I like poly for goofing around on shallow creeks, seal launching, and dragging across the parking lot.
I have an orange Venture Islay 12 with skeg Demo that needs a home. Same plastic as the other side of the Factory, Pyrahna whitewater Kayaks.
See you on the water,
The Connection, Inc.
9 W. Market St.
Hyde Park, NY
Are you prepared to learn the techniques necessary for repair work for fiberglass, and composite boats? Are you prepared to spend the time and money necessary to actually do repair work?
If you answer no to either question, I would suggest that you start checking out boats for sale ads. Buy what I call a "beater boat". In other words; a boat you'd
use on rivers that have lots of rock gardens, ledges, and shallow water areas. A boat that would take a lot of abuse, and not require a lot of maintenance, or repair work.
Yes, poly boats are heavy, no doubt?
BUT, how far would you typically have to carry your boat to get it from your vehicle to the water's edge?
Doesn't sound to me like you're talking about doing any lengthy, "death march" portages.
The vast majority of my paddling is done on rivers.
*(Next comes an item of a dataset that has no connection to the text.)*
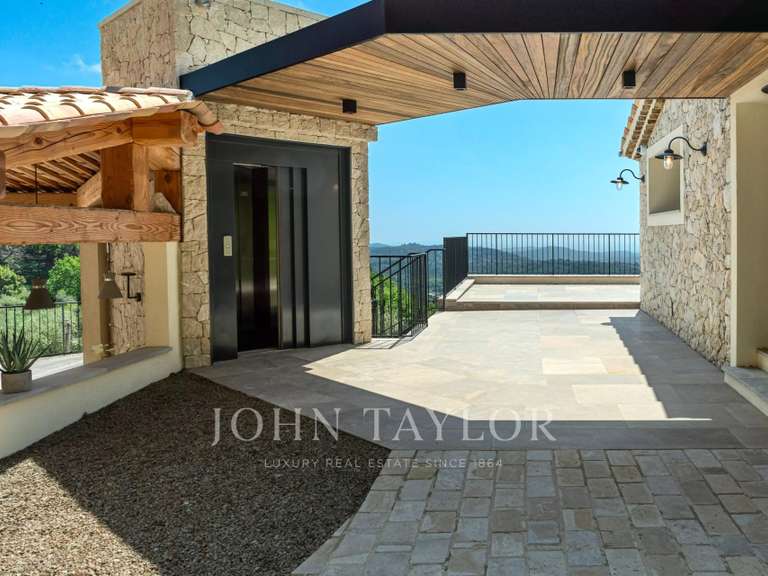 Villa Châteauneuf-Grasse - 4 chambres - 300m²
I very seldom have to carry a boat more than a couple of boat lengths from my vehicle to the water's edge.
A cheap poly boat is cheaper than Composite Repairs.
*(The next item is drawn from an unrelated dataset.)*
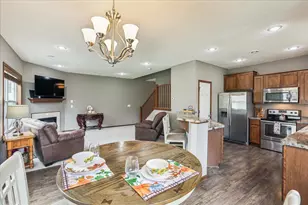 594 Stonewood Ln, Burnsville, MN 55306 - Photo 14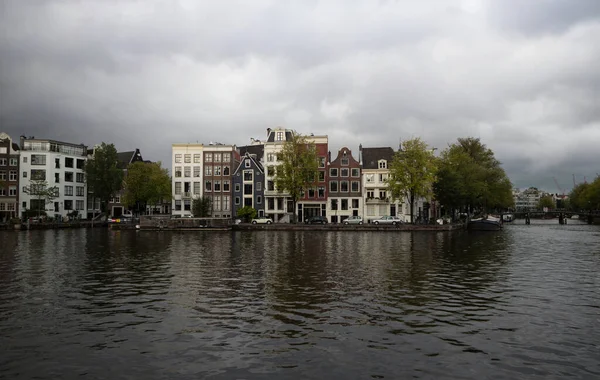 Vue Classique Quartier Résidentiel Typique Grachten Dans Centre Amsterdam Hollande — Photo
Another option is old school home-built fiberglass "pointy boats" that were made on the Augsburger type molds by a lot of paddling clubs back in the 1970's. My outing club used to make them for ourselves -- the boats were 13' long (old Olympic slalom design) and we would lay them up in two halves (sometimes the deck would be in two pieces as well) that we would tape together along the perimeter seam (plus deck seam in the 3=piece version). They were designed so that if you were pinned and trapped in a hole or against an overhang, the water pressure would cause the boat to split apart so you could escape. Then the halves could be recovered and glued back together. They were light -- the one I used to have was only about 25 pounds. Had molded in seats and we added foot braces by drilling through the hull and reinforcing and sealing the fasteners. Had to use inflatable flotation bags but that is often the case with plastic boats as well. I still see them turn up around my area on Craigslist. They are often pretty ugly (we sometimes laid them up with color but they were more often just ugly raw off-white glass fiber color.) And they were fun in class 2 to 5 whitewater and simple to patch, They were similar in proportion and lines to the well known Perception Dancer plastic whitewater boat that was so popular in that era.
By the way, plastic Dancers and Pirouettes from the late 70's and early 80's often turn up in some areas used for around $100. Good beaters. I briefly had an older Dagger RPM that I picked up used for $300, a price that included a PFD, Seals neo skirt and a new whitewater helmet. Got a WW paddle for $45, also on Craigslist. The 9' RPM was another good creeker but it ended up not being a great fit for me so I passed it along to another paddler.
If you are talking really tiny creeks, I have taken my absolutely ancient Piedra out for that. Same era as the above mixed/WW boats mentioned by Willowleaf, and if the decades old plastic gives way I just walk out thru some muck cursing at flies. What I like about it is being easy and thoughtless to drag over berms or around beaver dams, a common feature of smaller creeks around here. I paid a kid $100 for it and it has been a great little boat to have around for that money.